Une autre fois, le général Rafarahimanisa, XII honneurs, conduit une expédition armée forte de cinq mille hommes en route pour Vangaindrano. Les troupes s'arrêtent au campement installé près de la colline d'Ambondrombe. Comme à leur habitude dans ces occasions, les esprits sont en liesse pour marquer leur joie de voir l'armée royale. Curieux, Rafaralahimanisa interroge également la population locale sur « ce qui se passe à Ambondrombe ». À quoi les habitants répondent: « Ils agissent ainsi, car ils sont heureux parce que le royaume va s'agrandir. »
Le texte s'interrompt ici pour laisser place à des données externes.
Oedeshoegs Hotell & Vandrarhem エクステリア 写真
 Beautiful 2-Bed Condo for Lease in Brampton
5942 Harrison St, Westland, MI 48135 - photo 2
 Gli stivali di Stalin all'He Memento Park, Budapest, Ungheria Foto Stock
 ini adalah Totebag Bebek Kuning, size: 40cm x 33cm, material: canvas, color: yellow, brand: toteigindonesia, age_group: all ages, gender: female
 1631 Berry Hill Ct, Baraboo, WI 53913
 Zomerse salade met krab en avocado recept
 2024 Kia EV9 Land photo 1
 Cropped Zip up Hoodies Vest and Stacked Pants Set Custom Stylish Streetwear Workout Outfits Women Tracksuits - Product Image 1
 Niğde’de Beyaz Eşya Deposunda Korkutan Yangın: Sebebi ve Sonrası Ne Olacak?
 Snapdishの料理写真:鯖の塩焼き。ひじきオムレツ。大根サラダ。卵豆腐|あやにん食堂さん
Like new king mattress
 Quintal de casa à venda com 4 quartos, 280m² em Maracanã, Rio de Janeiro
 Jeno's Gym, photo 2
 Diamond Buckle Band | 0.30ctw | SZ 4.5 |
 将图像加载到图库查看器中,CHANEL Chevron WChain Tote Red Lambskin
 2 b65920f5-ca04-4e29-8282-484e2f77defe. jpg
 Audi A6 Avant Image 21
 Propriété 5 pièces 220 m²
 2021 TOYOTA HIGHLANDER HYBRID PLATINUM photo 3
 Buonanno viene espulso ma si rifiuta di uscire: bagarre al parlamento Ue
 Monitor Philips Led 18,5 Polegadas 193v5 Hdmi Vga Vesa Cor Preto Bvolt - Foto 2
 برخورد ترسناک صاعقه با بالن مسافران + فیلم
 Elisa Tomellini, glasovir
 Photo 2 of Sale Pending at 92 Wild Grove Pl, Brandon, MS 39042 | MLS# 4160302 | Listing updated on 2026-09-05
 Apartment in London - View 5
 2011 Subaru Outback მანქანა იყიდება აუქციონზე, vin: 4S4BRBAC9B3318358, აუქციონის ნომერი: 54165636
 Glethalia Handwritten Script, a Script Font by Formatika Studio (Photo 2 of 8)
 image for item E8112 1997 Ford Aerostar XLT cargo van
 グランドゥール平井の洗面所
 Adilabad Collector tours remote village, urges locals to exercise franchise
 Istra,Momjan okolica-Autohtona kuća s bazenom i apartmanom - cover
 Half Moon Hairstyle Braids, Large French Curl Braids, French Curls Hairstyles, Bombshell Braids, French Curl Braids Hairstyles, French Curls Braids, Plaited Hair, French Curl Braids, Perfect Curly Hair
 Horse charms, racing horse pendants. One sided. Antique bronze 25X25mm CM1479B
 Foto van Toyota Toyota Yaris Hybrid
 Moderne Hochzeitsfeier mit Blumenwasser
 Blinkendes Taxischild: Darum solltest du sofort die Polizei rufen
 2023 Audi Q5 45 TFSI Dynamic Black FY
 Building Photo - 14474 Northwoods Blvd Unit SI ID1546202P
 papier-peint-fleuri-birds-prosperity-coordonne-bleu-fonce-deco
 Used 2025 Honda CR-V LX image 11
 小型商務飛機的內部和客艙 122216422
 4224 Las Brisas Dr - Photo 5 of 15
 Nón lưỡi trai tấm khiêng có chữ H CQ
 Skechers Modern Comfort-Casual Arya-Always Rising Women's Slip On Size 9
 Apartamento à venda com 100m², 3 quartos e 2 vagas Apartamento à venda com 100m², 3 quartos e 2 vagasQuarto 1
Ils demandent au général d'offrir en sacrifice un boeuf rituel volavita avant de poursuivre sa route. Ce qui est fait. Et son expédition est un véritable triomphe: plusieurs régions sont conquises et pacifiées, les butins sont très importants dont seize mille esclaves. Au retour, les troupes de Rafaralahimanisa campent à nouveau près d'Ambondrombe. Elles entendent encore les coups de canon et de fusils, les bruits de fête qui marquent l'immense joie des esprits après la victoire de l'armée royale. La tradition raconte également que les esprits de certaines personnes gravement malades et, sans doute, dans un état comateux, « voyagent » jusqu'à Ambondrombe, tandis que leurs corps gisent inertes sur leurs lits.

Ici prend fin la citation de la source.